▸ EXERCISE REQUIREMENTS: From the records below, copy out each line that has the word "Picture".

▸ RECORDS SHOWN:
****

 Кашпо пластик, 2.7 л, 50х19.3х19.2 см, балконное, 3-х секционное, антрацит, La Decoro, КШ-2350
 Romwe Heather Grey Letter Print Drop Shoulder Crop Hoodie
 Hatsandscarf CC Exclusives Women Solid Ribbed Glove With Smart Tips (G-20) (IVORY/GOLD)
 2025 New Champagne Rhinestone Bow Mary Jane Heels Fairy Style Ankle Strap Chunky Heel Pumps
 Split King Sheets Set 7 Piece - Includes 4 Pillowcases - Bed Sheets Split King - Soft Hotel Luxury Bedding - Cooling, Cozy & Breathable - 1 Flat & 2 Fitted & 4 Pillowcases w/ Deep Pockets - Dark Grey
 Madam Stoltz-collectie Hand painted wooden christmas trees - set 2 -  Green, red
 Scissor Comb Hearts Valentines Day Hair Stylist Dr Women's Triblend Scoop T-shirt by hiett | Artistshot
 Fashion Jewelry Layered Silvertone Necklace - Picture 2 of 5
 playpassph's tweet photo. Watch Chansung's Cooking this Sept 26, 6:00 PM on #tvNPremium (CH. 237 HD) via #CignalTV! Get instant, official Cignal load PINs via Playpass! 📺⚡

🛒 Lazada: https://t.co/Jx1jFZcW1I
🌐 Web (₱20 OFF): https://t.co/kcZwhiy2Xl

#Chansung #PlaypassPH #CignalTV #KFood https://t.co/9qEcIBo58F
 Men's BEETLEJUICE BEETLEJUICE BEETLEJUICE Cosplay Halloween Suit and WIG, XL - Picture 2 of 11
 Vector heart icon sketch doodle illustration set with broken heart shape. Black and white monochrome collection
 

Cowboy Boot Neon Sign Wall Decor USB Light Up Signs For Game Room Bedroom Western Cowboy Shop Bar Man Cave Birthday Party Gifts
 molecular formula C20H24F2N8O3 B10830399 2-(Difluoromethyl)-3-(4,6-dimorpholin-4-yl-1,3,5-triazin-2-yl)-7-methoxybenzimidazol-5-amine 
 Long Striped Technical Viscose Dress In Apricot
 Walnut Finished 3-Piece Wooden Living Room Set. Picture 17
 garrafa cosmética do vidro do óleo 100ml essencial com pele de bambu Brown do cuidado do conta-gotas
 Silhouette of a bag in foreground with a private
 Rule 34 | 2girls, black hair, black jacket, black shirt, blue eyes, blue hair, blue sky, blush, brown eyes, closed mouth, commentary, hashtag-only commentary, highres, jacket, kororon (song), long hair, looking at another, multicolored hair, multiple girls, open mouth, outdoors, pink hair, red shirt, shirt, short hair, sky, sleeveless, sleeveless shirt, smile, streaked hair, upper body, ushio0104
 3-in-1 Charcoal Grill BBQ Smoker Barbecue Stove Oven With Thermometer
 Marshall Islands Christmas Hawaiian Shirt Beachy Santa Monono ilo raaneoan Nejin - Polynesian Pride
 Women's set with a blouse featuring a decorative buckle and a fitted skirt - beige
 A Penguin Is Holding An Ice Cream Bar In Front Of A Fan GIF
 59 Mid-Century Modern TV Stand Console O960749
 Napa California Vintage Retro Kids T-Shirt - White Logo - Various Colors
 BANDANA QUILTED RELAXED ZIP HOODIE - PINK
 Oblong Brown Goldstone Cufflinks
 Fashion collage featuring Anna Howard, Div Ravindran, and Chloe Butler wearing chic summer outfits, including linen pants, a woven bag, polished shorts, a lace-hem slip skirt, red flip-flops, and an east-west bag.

****

▸ ANSWER BOX:
 Fashion Jewelry Layered Silvertone Necklace - Picture 2 of 5
 Men's BEETLEJUICE BEETLEJUICE BEETLEJUICE Cosplay Halloween Suit and WIG, XL - Picture 2 of 11
 Walnut Finished 3-Piece Wooden Living Room Set. Picture 17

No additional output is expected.